I'm trying to give you all the reasons I can think of to NOT mess with the injection pump itself. The IP MUST be fed fuel for its "pumping action" relates only to its 2,000 psi impulses to the injectors, not to its own fuel supply. That's done by the engine's fuel pump down at the primer pump's base.
Did you purge the air from the fuel system after the new filters were mounted? Pump hand primer pump until no air bubbles are visible in the lines?
The injection pump can be repaired by a Bosch center - phone book / internet "diesel injection service." They do trucks and construction but may point you to someone who can help you if they can't. Know where you're going to take it before plunging into the job.
If you absolutely have to remove the IP it's essential to FIRST set the motor to a known rotation point so the IP's timing is not lost. The IP's drive gear has an intentionally missing tooth and a mark cut into the collar behind the drive gear. Aligning the IP's gear with the collar is
24 degrees BTDC on the crankshaft so you need to turn the motor by hand
- right hand rotation - (pull and push on the drive belts) so 24 degrees BTDC on the harmonic balancer is achieved - on the compression stroke of #1 cylinder (look at #1's cam lobes through the oil filler opening they should BOTH be pointing UPward).
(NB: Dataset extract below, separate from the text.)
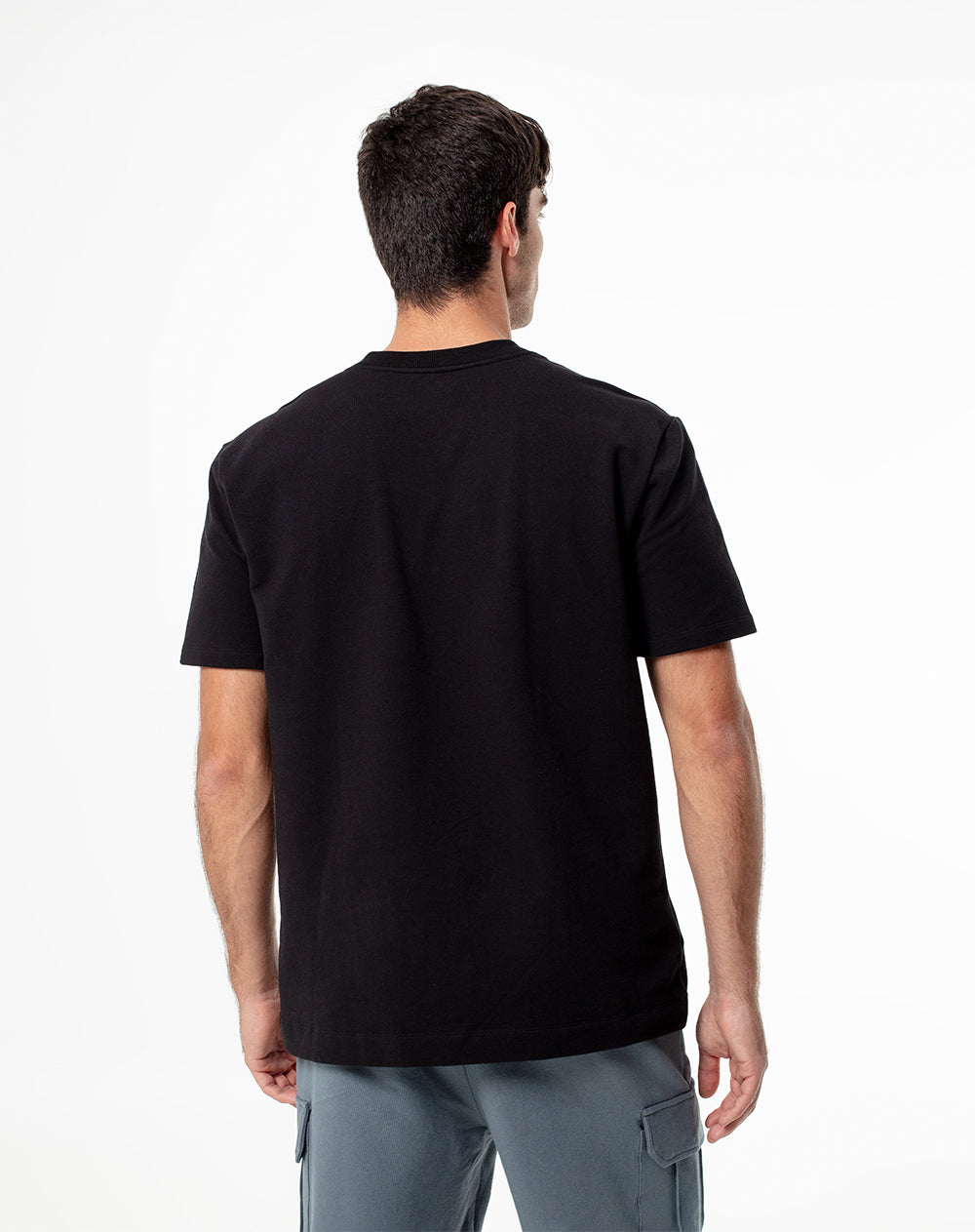 Camiseta oversized fit manga corta negra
The engine manual shows the two oil lines from the oil filter to the oil cooler being removed AFTER the filter is opened to allow the lube oil to drain back into the motor (and not onto the floor). The oil filter housing is then removed so the IP can be pulled out. A new gasket is essential as are clean surfaces or it will leak afterward.
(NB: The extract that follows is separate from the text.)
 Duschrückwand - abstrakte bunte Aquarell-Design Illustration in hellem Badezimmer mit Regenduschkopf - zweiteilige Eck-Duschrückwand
Before loosening the IP's three mounting bolts note their position and scribe onto the IP and the motor some marks to use later to achieve the same IP position and thus the same injection timing as current - without having to time the injection.
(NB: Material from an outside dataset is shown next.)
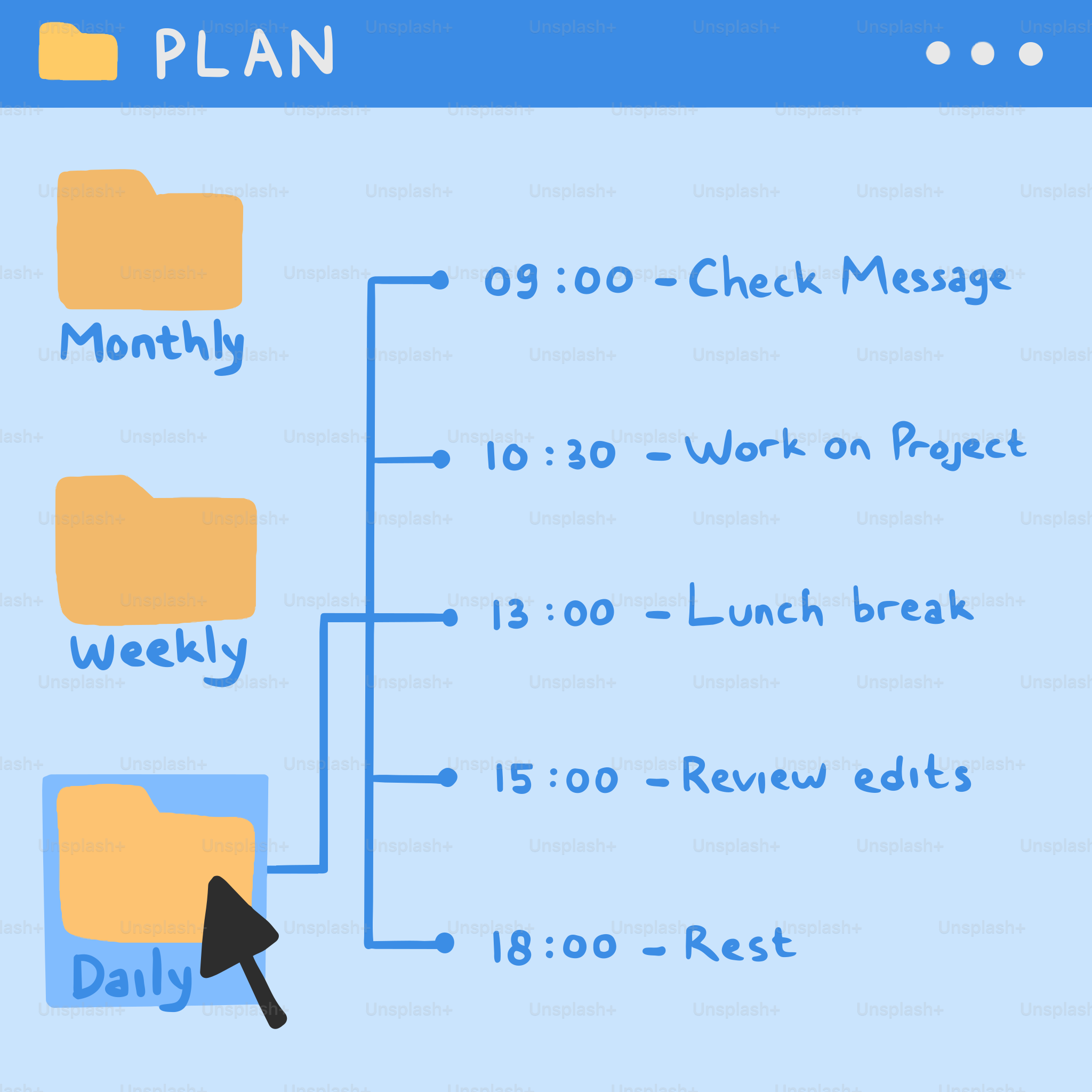 Planifica diariamente, semanal y mensualmente con tareas programadas.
The IP is lubricated by engine oil (and has a small oil pipe to it. Prior to its reinstallation you ought to fill 1/2 pt of lube oil into it (there's a fill plug near the top rear, above and slightly aft of its lube oil pipe)
Getting the picture of why NOT to remove the IP?
If it were my car I'd (i) be absolutely assured that the IP was getting lots of fuel and if the problem persisted (ii) remove the IP's high pressure lines (but not the hold down clamps) and from each well remove the spring and plunger and crank the motor knowing that diesel fuel will be spilled - the idea being to flush fuel through the IP. I'd remove the IP only after all else failed.
I hope this helps get your car back on the road.